Title: Precept Upon Precept: Joseph Smith and the Restoration of Doctrine
Author: Robert L. Millet
Publisher: Deseret Book
Genre: LDS Church History/Historical Theology
Year Published: 2016
Number of Pages: 475
Reviewed by Carl J. Cranney for the Association for Mormon Letters
A welcome book by former BYU professor of religion Robert L. Millet, Precept Upon Precept takes as its thesis the concept that the Restoration was given, doctrinally, line upon line and precept upon precept. Millet points out in the introduction that “[Joseph’s] divine schooling, like that of all Saints, was incremental” (ix). In short, the Joseph that walked out of the Sacred Grove was not the Joseph prepared to give the King Follett discourse.
While this seems an obvious thesis, Millet is concerned that we sometimes give Joseph more credit than he deserves for his teachings being perfectly identical from beginning to end. Depending on the individual topic, they are not.
The book uses two methods to demonstrate its basic thesis. First, it goes systematically through the doctrines of the Restoration and treats them each individually in the order that they were revealed (though there could be some quibbles about the order and topic choices made by Millet). The first real chapter on a theological topic is “Another Testament” and is primarily about the Book of Mormon and doctrines that are contained therein. The next is “Divine Authority Restored,” and talks about priesthood authority.

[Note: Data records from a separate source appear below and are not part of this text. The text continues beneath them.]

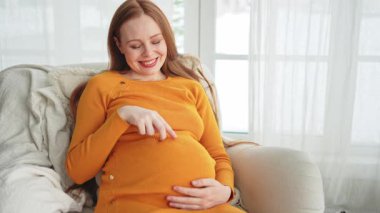 Hamilelik anneliği insanların gelecek beklentisi. Koca göbekli hamile bir kadın evdeki pencerenin yanındaki sandalyeye oturuyor. Karnına sarılan ve hamileliğin tadını çıkaran bir kız. Annelik şefkati ebeveynlik yeni bir hayat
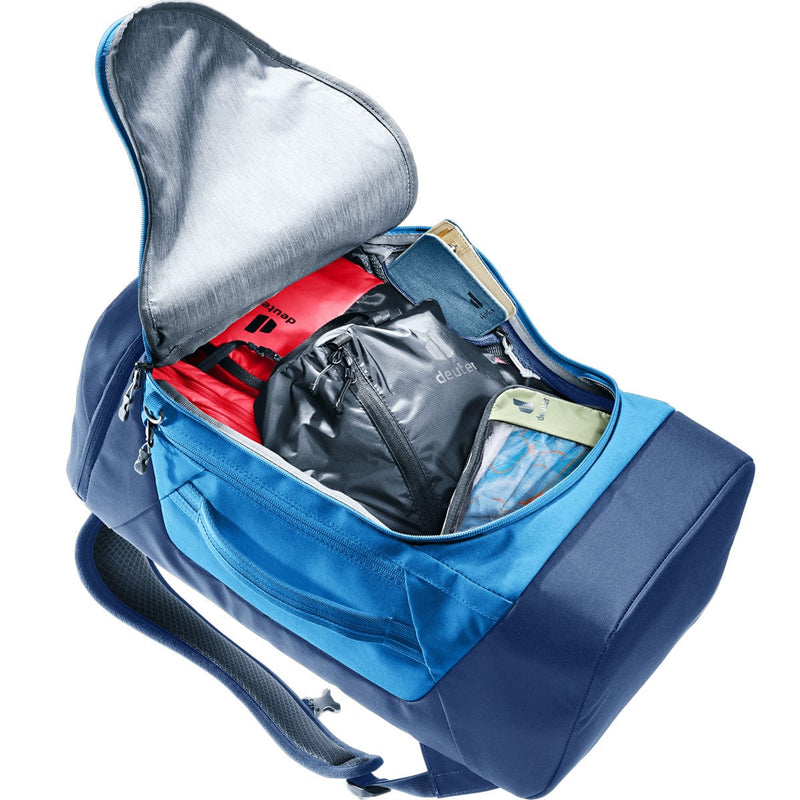 Load image into Gallery viewer, Blue backpack with open compartments on a white background
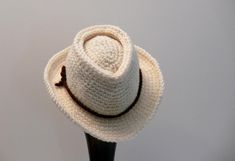 a white crocheted hat sitting on top of a wooden stand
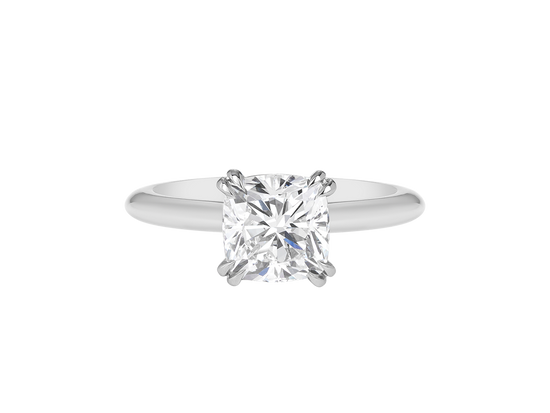 A.G cushion cut solitaire double claw setting with half round band. 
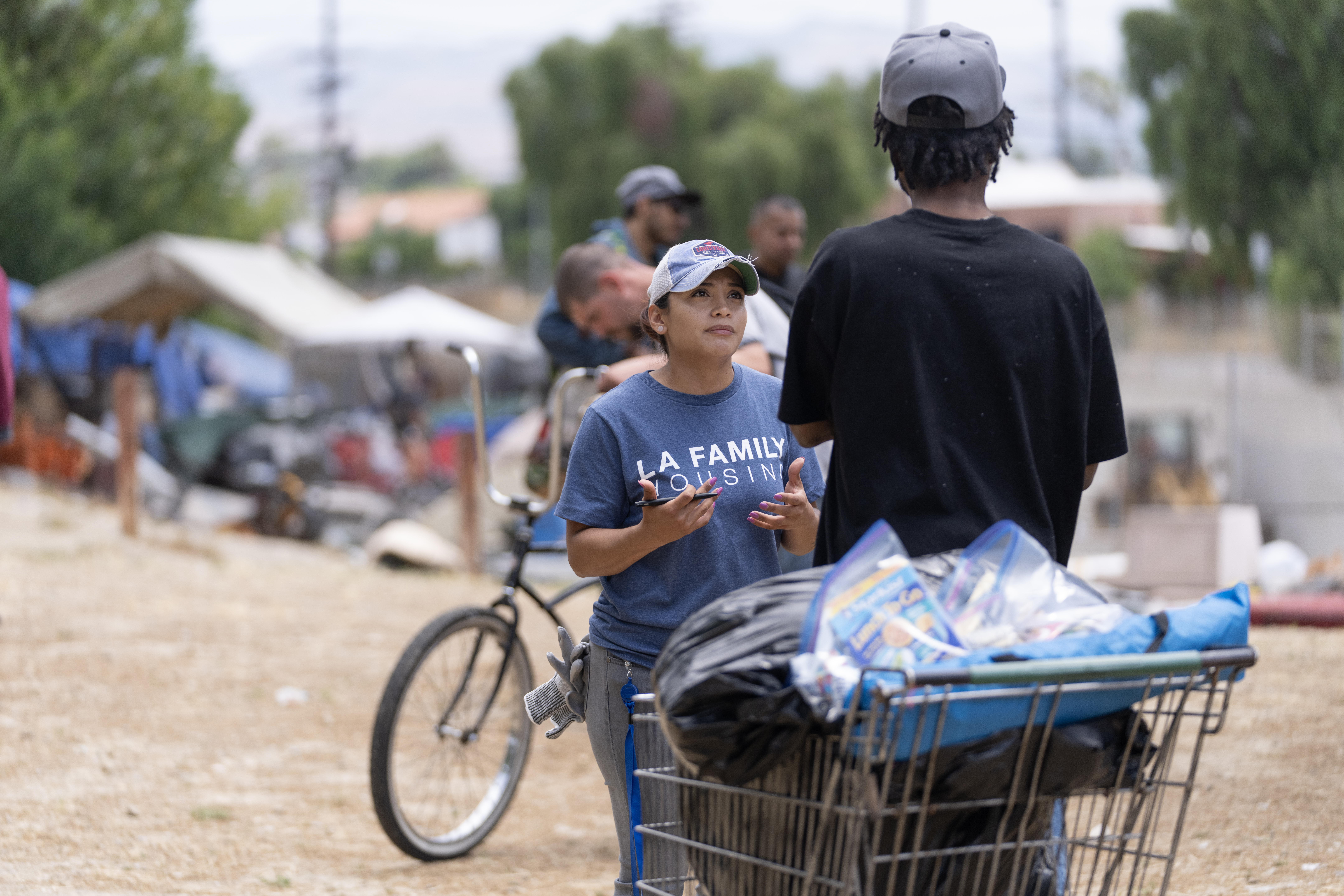 An outreach worker speaks with a man wearing a black shirt and grey hat.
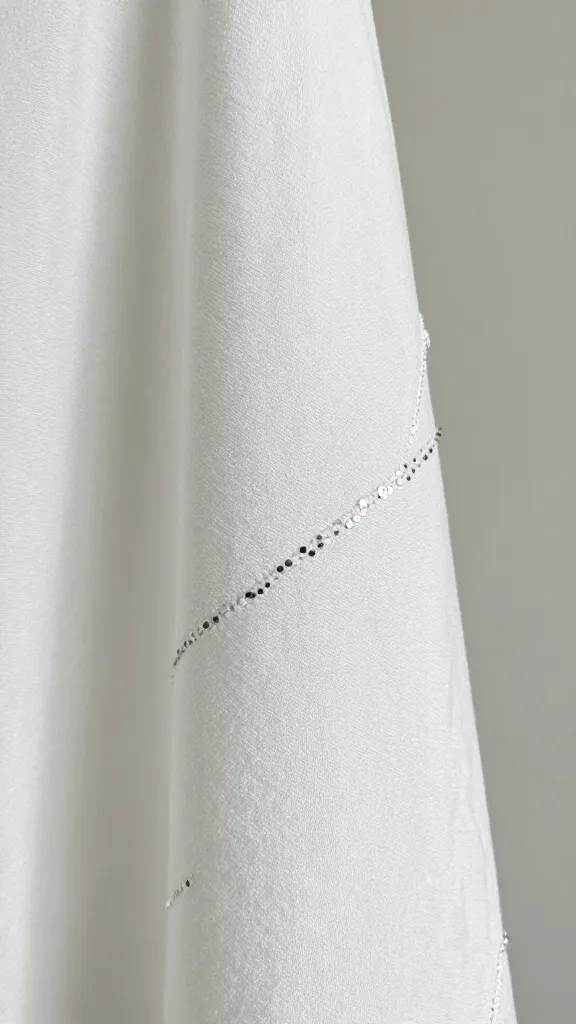 Close-up detail shot of white fabric with delicate embroidery and tiny silver sequins, fabric textures and stitching in sharp focus, neutral background, studio light, no text.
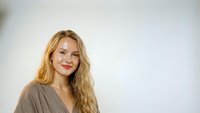 Young blonde Caucasian woman smiling warmly in casual gray top against clean white background for professional headshot and portrait photography.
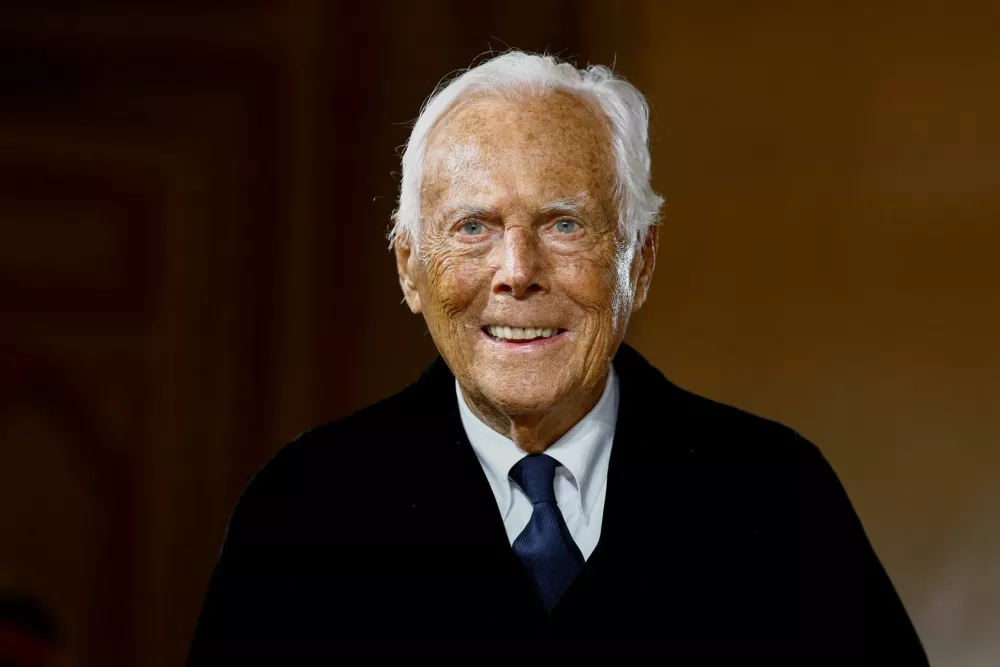 FILE PHOTO: Designer Giorgio Armani appears at the end of his Haute Couture Spring/Summer 2025 collection show for Giorgio Armani Prive in Paris, France, January 28, 2025. REUTERS/Sarah Meyssonnier/File Photo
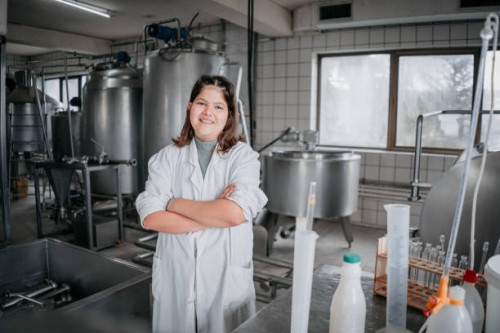 couple bottling milk on manufacture - food stock pictures, royalty-free photos & images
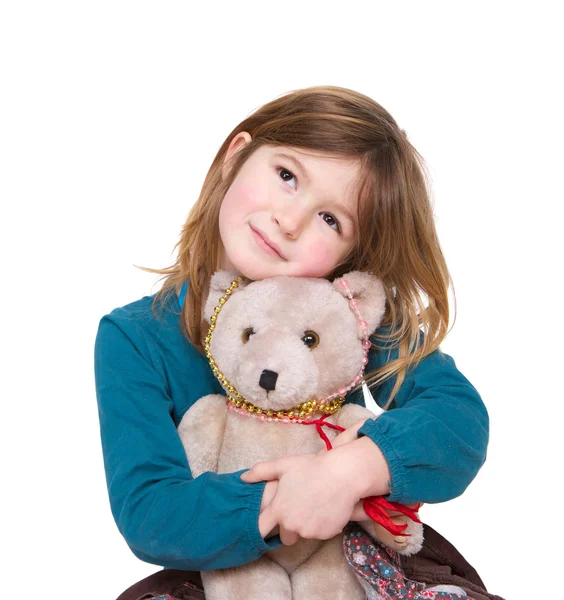Menina bonito abraçando ursinho de pelúcia — Fotografia de Stock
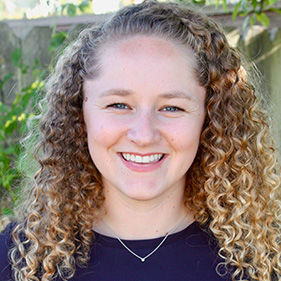 A smiling woman with curly blond hair in a formal headshot photo.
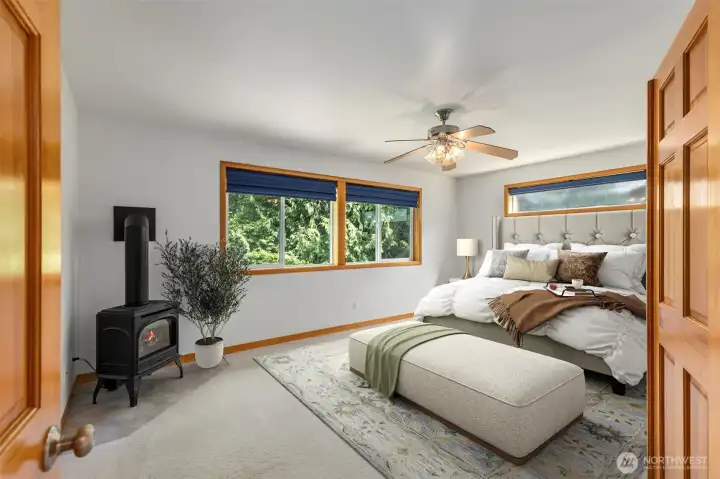 The primary suite has a propane wood stove, treetop views from multiple windows, and enough room to truly unwind. Virtually staged. The primary suite has a propane wood stove, treetop views from multiple windows, and enough room to truly unwind. Virtually staged.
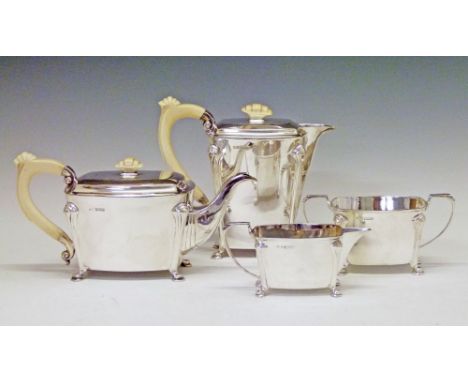 George VI silver Art Deco design four piece tea service, the teapot and hot water jug with carved ivory handles and knops, ea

The basic format should be obvious—Millet is dealing with individual doctrines in the chronological order they were restored and implemented, in this case the translation of the Book of Mormon and then the restoration of the priesthood. The concept of “precept upon precept” is therefore built into the very structure of the book itself as Millet walks us through various doctrines taught by the prophet Joseph Smith in the order that Joseph did so.
On the issue of God’s corporeality, for example, there are various treatments of the issue (it does not get its own chapter). Millet states early on that, “We are uncertain what the young prophet learned at the time of the First Vision relative to the corporeality or physical body of God the Father. Joseph certainly may have been taught or recognized that God has a physical body, but he did not say so.” (26). Subsequent chapters discuss the understanding of God’s corporeality from the Lectures on Faith and then Joseph’s Nauvoo sermons, demonstrating through the length of the book that Joseph’s view of this issue grew and developed over time.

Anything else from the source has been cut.